§ **What you are asked to do**: For the data below, give again exactly the lines from the one containing "Finnsa Saunaduft-Konzentrat Lappland" through the one containing "MyNaohja의 세종대왕님 위대한 분 입니다.", both ends included, and no others.
:::
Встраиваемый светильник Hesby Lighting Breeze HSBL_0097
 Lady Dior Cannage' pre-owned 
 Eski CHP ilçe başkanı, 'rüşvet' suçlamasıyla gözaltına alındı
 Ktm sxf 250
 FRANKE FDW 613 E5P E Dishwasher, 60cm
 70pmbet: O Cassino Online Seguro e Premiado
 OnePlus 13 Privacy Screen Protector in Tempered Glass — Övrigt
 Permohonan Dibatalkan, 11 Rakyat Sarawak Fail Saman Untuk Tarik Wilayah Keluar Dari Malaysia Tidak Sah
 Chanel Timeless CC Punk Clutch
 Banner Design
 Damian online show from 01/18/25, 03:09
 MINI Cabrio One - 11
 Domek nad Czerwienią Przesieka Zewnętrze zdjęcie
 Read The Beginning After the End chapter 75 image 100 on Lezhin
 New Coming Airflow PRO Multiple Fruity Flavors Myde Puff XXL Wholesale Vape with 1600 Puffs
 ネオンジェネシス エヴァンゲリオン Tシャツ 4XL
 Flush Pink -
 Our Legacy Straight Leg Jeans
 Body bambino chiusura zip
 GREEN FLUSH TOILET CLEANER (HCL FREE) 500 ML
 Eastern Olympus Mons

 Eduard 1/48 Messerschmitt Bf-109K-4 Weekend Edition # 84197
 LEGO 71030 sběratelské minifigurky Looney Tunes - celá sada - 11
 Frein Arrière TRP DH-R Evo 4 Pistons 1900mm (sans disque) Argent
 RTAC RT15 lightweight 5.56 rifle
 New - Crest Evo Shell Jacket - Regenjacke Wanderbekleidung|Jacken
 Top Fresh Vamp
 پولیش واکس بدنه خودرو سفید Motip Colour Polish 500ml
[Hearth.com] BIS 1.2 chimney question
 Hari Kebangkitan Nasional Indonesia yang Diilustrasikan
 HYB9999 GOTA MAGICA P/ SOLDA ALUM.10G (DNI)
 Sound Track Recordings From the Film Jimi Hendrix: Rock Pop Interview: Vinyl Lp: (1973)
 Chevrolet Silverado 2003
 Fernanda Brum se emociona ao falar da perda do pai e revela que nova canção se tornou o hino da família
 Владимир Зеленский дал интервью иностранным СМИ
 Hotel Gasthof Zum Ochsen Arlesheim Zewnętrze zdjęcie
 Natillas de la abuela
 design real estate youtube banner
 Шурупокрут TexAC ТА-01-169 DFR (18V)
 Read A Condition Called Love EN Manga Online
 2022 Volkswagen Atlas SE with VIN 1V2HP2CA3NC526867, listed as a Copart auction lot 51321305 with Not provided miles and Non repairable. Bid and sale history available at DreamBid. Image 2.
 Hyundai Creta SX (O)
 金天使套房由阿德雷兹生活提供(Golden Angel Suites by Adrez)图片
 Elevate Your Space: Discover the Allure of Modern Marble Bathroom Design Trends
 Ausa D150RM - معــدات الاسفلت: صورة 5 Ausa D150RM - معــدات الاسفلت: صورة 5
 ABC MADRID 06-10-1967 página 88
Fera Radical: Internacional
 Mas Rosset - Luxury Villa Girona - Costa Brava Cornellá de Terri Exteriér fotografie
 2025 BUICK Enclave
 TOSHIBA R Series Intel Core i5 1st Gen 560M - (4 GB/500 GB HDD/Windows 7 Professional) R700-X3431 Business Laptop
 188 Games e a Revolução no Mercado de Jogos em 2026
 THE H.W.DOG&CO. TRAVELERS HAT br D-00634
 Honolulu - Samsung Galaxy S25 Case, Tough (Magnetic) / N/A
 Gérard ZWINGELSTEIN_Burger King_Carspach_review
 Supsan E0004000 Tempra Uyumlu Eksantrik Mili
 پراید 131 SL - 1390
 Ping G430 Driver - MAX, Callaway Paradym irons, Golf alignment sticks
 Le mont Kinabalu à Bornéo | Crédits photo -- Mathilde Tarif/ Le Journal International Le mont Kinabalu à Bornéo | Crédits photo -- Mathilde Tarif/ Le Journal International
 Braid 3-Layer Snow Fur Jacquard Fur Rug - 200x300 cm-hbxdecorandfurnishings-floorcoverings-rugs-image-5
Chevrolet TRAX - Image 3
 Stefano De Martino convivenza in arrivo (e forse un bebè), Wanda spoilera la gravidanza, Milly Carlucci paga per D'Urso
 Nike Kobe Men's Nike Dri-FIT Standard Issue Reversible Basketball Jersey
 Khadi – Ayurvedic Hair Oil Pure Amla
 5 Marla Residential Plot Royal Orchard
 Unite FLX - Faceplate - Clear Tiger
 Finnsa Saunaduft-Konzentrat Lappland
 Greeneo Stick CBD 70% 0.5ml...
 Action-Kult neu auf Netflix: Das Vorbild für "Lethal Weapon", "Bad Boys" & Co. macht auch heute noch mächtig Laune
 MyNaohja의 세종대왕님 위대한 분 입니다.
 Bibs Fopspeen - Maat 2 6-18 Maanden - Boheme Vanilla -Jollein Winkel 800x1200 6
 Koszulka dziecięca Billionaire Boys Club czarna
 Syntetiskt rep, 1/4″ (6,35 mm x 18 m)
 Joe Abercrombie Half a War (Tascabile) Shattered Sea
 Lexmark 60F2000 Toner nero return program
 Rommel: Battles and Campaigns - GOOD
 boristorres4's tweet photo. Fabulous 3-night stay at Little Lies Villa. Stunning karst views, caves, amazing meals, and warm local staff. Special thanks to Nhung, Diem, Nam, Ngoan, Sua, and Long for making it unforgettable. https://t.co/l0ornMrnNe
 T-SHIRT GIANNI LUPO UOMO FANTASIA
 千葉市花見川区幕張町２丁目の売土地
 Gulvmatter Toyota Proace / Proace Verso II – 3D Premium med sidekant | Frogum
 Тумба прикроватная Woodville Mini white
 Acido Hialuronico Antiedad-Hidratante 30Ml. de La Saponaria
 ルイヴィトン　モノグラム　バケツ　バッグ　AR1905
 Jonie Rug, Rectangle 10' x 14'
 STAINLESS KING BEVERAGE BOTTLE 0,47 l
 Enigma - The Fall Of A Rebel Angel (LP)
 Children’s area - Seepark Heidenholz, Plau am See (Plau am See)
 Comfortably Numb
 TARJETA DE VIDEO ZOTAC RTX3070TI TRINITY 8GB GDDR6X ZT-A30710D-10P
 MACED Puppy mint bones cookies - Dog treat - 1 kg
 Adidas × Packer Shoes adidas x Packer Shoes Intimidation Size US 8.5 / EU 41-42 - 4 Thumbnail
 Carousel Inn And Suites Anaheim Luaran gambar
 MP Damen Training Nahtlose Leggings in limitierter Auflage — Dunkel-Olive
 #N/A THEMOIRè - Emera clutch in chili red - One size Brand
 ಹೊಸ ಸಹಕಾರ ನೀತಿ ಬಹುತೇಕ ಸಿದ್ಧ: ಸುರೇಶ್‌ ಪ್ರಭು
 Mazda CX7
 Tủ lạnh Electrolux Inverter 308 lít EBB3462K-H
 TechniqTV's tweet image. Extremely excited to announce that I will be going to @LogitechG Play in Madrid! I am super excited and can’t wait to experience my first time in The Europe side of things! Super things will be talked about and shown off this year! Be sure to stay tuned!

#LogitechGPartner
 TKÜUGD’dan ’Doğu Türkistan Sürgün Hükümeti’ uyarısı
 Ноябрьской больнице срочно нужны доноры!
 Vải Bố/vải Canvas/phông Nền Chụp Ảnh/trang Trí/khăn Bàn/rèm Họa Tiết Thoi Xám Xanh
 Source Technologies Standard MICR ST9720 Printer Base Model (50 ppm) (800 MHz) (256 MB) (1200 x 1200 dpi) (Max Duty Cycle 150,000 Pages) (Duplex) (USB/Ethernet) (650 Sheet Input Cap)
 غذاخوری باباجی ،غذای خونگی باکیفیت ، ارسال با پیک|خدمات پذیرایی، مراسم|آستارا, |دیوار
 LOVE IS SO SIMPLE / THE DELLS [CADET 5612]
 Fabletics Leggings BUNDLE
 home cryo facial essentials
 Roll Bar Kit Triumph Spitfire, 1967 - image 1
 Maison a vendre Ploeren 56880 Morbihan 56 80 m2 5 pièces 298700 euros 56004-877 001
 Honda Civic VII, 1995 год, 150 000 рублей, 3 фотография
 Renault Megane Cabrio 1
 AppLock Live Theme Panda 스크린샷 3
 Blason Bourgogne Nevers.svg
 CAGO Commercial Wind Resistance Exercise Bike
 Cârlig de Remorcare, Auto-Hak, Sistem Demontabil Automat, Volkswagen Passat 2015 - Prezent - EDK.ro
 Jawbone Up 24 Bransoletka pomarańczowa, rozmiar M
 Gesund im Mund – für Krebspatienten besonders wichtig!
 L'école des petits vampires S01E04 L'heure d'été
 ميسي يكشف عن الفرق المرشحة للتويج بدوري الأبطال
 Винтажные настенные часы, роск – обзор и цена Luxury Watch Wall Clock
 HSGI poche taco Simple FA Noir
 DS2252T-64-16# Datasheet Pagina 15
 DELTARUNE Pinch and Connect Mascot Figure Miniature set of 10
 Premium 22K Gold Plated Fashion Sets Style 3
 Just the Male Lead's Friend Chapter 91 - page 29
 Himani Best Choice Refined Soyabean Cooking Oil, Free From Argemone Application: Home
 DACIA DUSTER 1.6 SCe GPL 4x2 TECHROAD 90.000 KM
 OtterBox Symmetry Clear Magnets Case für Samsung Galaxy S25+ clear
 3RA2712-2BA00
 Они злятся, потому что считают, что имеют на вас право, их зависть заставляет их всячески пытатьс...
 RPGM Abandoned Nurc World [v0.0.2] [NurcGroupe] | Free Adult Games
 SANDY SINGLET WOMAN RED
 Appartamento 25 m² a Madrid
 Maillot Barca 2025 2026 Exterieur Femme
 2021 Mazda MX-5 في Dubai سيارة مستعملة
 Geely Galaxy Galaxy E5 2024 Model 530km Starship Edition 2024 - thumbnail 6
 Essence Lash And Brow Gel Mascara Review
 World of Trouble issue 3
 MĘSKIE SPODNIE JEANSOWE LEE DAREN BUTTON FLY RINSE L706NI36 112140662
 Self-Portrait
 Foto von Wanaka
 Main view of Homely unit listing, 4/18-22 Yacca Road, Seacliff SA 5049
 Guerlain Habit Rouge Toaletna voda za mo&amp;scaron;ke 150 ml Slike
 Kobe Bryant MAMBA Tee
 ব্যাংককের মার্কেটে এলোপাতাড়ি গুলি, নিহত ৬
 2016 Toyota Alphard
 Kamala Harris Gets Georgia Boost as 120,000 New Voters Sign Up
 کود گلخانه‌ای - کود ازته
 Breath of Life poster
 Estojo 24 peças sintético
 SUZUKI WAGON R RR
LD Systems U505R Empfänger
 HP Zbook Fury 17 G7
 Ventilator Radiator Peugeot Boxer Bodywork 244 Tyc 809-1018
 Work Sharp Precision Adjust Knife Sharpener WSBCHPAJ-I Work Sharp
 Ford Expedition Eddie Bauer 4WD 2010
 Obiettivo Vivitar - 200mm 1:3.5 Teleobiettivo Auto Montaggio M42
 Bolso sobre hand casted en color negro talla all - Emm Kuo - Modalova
:::
§ **Response**:
 Finnsa Saunaduft-Konzentrat Lappland
 Greeneo Stick CBD 70% 0.5ml...
 Action-Kult neu auf Netflix: Das Vorbild für "Lethal Weapon", "Bad Boys" & Co. macht auch heute noch mächtig Laune
 MyNaohja의 세종대왕님 위대한 분 입니다.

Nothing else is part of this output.